EXERCISE DESCRIPTION: Each record below must come back exactly as written; its pictures must not.

────────────────────────────────────────

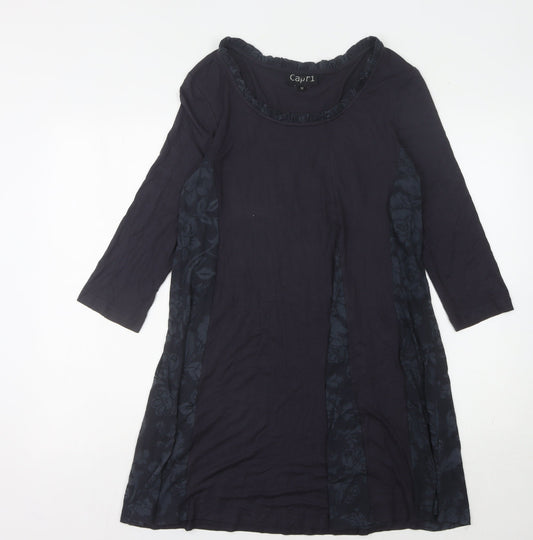 Capri Women's Black Floral Shift Dress Size 12
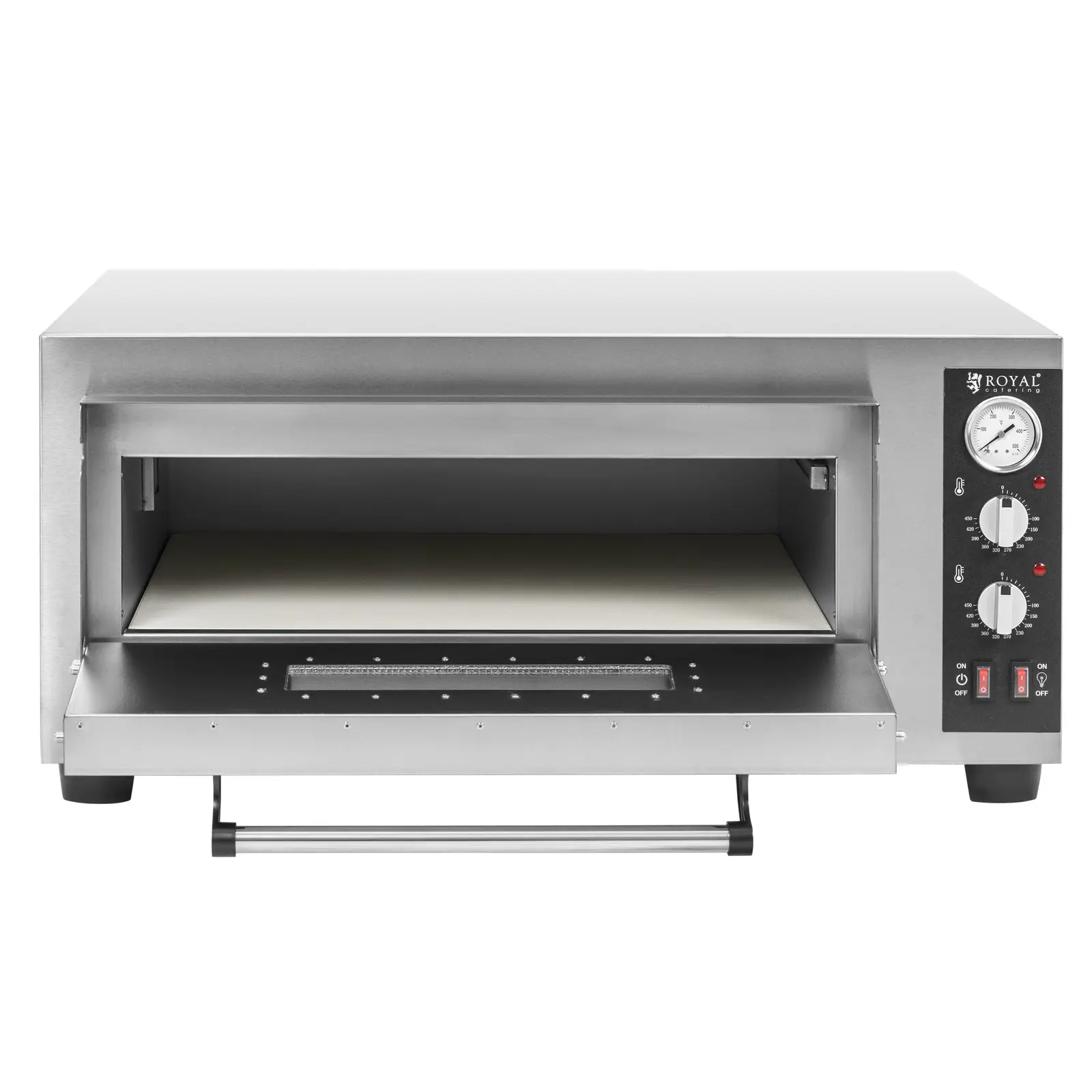 Four à pizza électrique - 4 x 30 cm - 1 cavité - 4 200 W - Chamotte - Royal Catering (Minuterie: Non)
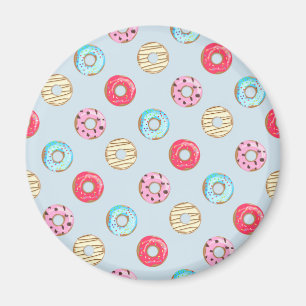 Süße glasierte Donut-Muster Hellblau Magnet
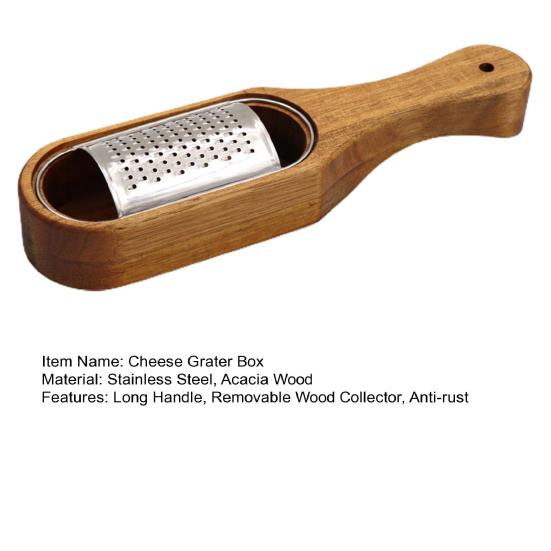 Коробка для терки для сыра из нержавеющей стали, деревянная терка с длинной ручкой, съемный измельчитель древесины акации, инструмент для измельчения сыра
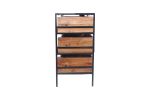 Spacious Three Drawer Acacia Wood Chest With Iron Framework, Brown and Black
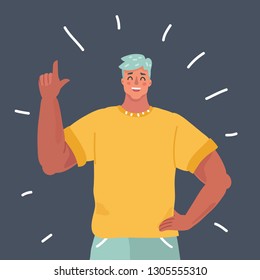 Vector cartoon illustration of Successful man character with index finger up gesture. Successful man, Smile, say some. Human character on dark background.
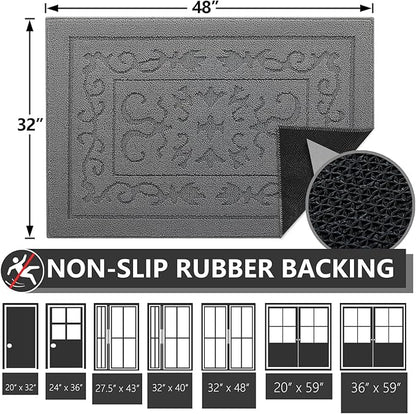 FONEYI Indoor Door Mat, Front Back Door Mat 32" x 48" Non-Slip Rubber Backing Door Rug, Machine Washable Entry Rug, Low Profile Absorbent Dirt Trapper Doormat Inside Floor Mats for Entryway, Grey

────────────────────────────────────────

OUTPUT FOR THIS EXERCISE:
 Capri Women's Black Floral Shift Dress Size 12
 Four à pizza électrique - 4 x 30 cm - 1 cavité - 4 200 W - Chamotte - Royal Catering (Minuterie: Non)
 Süße glasierte Donut-Muster Hellblau Magnet
 Коробка для терки для сыра из нержавеющей стали, деревянная терка с длинной ручкой, съемный измельчитель древесины акации, инструмент для измельчения сыра
 Spacious Three Drawer Acacia Wood Chest With Iron Framework, Brown and Black
 Vector cartoon illustration of Successful man character with index finger up gesture. Successful man, Smile, say some. Human character on dark background.
 FONEYI Indoor Door Mat, Front Back Door Mat 32" x 48" Non-Slip Rubber Backing Door Rug, Machine Washable Entry Rug, Low Profile Absorbent Dirt Trapper Doormat Inside Floor Mats for Entryway, Grey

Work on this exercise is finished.